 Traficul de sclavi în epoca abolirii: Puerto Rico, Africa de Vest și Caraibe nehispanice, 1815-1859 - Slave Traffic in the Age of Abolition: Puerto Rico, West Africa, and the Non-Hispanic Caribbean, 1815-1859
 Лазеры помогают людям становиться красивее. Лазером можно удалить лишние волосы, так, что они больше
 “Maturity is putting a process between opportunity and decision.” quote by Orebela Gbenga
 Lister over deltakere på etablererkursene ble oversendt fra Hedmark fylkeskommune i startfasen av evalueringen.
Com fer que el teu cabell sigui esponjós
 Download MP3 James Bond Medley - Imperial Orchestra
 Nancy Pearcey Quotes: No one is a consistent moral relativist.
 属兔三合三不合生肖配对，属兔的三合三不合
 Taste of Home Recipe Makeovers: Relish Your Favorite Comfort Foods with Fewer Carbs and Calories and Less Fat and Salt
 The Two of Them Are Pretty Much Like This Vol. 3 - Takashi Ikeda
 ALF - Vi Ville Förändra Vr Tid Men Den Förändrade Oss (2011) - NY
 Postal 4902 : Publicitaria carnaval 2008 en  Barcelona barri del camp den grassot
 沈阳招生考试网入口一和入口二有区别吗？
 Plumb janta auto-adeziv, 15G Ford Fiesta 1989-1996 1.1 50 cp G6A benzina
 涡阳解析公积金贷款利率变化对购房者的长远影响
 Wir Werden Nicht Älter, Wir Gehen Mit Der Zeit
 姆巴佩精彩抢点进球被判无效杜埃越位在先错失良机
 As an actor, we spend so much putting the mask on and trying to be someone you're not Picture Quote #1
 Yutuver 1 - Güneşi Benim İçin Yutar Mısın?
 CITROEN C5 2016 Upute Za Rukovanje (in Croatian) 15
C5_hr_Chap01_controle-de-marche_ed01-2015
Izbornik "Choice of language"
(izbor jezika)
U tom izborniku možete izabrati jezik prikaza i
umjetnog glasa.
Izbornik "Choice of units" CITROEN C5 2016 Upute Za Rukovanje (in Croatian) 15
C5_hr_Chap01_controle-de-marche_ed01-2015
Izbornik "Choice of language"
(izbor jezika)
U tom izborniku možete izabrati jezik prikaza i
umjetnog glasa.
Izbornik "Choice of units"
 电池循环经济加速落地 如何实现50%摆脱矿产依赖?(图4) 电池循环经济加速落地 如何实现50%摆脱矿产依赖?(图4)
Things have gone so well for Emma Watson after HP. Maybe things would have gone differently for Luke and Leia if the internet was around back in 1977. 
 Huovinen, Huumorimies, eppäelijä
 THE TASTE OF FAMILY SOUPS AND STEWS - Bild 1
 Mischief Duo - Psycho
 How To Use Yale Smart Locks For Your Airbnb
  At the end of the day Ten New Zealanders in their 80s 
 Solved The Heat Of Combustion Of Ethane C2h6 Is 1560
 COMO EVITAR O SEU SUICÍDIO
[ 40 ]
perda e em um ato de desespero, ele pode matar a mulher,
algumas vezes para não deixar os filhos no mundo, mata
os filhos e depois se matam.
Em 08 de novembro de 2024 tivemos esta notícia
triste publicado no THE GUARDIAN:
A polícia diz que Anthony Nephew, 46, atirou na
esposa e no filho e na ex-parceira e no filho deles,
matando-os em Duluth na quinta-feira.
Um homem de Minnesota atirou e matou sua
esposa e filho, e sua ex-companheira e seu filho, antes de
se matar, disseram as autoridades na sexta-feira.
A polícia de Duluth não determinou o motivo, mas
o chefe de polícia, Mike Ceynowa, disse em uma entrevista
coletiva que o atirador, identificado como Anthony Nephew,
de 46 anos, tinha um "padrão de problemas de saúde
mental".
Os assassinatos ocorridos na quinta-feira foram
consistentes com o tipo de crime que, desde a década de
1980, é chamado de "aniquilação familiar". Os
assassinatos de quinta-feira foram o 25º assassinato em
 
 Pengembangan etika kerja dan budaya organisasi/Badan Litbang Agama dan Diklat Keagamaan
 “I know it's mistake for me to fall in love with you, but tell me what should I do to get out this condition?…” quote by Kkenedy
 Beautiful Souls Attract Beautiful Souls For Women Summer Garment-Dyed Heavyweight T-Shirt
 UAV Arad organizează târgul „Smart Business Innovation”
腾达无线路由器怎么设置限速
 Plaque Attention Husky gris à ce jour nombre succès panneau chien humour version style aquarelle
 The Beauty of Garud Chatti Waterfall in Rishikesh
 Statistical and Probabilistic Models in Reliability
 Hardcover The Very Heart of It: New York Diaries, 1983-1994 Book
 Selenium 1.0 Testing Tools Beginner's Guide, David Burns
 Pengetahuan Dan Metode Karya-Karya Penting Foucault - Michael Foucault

□ □ □ □

AIM OF THE EXERCISE: Each of the entries must be set down again exactly.

TASK SOLUTION:
 Traficul de sclavi în epoca abolirii: Puerto Rico, Africa de Vest și Caraibe nehispanice, 1815-1859 - Slave Traffic in the Age of Abolition: Puerto Rico, West Africa, and the Non-Hispanic Caribbean, 1815-1859
 Лазеры помогают людям становиться красивее. Лазером можно удалить лишние волосы, так, что они больше
 “Maturity is putting a process between opportunity and decision.” quote by Orebela Gbenga
 Lister over deltakere på etablererkursene ble oversendt fra Hedmark fylkeskommune i startfasen av evalueringen.
Com fer que el teu cabell sigui esponjós
 Download MP3 James Bond Medley - Imperial Orchestra
 Nancy Pearcey Quotes: No one is a consistent moral relativist.
 属兔三合三不合生肖配对，属兔的三合三不合
 Taste of Home Recipe Makeovers: Relish Your Favorite Comfort Foods with Fewer Carbs and Calories and Less Fat and Salt
 The Two of Them Are Pretty Much Like This Vol. 3 - Takashi Ikeda
 ALF - Vi Ville Förändra Vr Tid Men Den Förändrade Oss (2011) - NY
 Postal 4902 : Publicitaria carnaval 2008 en  Barcelona barri del camp den grassot
 沈阳招生考试网入口一和入口二有区别吗？
 Plumb janta auto-adeziv, 15G Ford Fiesta 1989-1996 1.1 50 cp G6A benzina
 涡阳解析公积金贷款利率变化对购房者的长远影响
 Wir Werden Nicht Älter, Wir Gehen Mit Der Zeit
 姆巴佩精彩抢点进球被判无效杜埃越位在先错失良机
 As an actor, we spend so much putting the mask on and trying to be someone you're not Picture Quote #1
 Yutuver 1 - Güneşi Benim İçin Yutar Mısın?
 CITROEN C5 2016 Upute Za Rukovanje (in Croatian) 15
C5_hr_Chap01_controle-de-marche_ed01-2015
Izbornik "Choice of language"
(izbor jezika)
U tom izborniku možete izabrati jezik prikaza i
umjetnog glasa.
Izbornik "Choice of units" CITROEN C5 2016 Upute Za Rukovanje (in Croatian) 15
C5_hr_Chap01_controle-de-marche_ed01-2015
Izbornik "Choice of language"
(izbor jezika)
U tom izborniku možete izabrati jezik prikaza i
umjetnog glasa.
Izbornik "Choice of units"
 电池循环经济加速落地 如何实现50%摆脱矿产依赖?(图4) 电池循环经济加速落地 如何实现50%摆脱矿产依赖?(图4)
Things have gone so well for Emma Watson after HP. Maybe things would have gone differently for Luke and Leia if the internet was around back in 1977. 
 Huovinen, Huumorimies, eppäelijä
 THE TASTE OF FAMILY SOUPS AND STEWS - Bild 1
 Mischief Duo - Psycho
 How To Use Yale Smart Locks For Your Airbnb
  At the end of the day Ten New Zealanders in their 80s 
 Solved The Heat Of Combustion Of Ethane C2h6 Is 1560
 COMO EVITAR O SEU SUICÍDIO
[ 40 ]
perda e em um ato de desespero, ele pode matar a mulher,
algumas vezes para não deixar os filhos no mundo, mata
os filhos e depois se matam.
Em 08 de novembro de 2024 tivemos esta notícia
triste publicado no THE GUARDIAN:
A polícia diz que Anthony Nephew, 46, atirou na
esposa e no filho e na ex-parceira e no filho deles,
matando-os em Duluth na quinta-feira.
Um homem de Minnesota atirou e matou sua
esposa e filho, e sua ex-companheira e seu filho, antes de
se matar, disseram as autoridades na sexta-feira.
A polícia de Duluth não determinou o motivo, mas
o chefe de polícia, Mike Ceynowa, disse em uma entrevista
coletiva que o atirador, identificado como Anthony Nephew,
de 46 anos, tinha um "padrão de problemas de saúde
mental".
Os assassinatos ocorridos na quinta-feira foram
consistentes com o tipo de crime que, desde a década de
1980, é chamado de "aniquilação familiar". Os
assassinatos de quinta-feira foram o 25º assassinato em
 
 Pengembangan etika kerja dan budaya organisasi/Badan Litbang Agama dan Diklat Keagamaan
 “I know it's mistake for me to fall in love with you, but tell me what should I do to get out this condition?…” quote by Kkenedy
 Beautiful Souls Attract Beautiful Souls For Women Summer Garment-Dyed Heavyweight T-Shirt
 UAV Arad organizează târgul „Smart Business Innovation”
腾达无线路由器怎么设置限速
 Plaque Attention Husky gris à ce jour nombre succès panneau chien humour version style aquarelle
 The Beauty of Garud Chatti Waterfall in Rishikesh
 Statistical and Probabilistic Models in Reliability
 Hardcover The Very Heart of It: New York Diaries, 1983-1994 Book
 Selenium 1.0 Testing Tools Beginner's Guide, David Burns
 Pengetahuan Dan Metode Karya-Karya Penting Foucault - Michael Foucault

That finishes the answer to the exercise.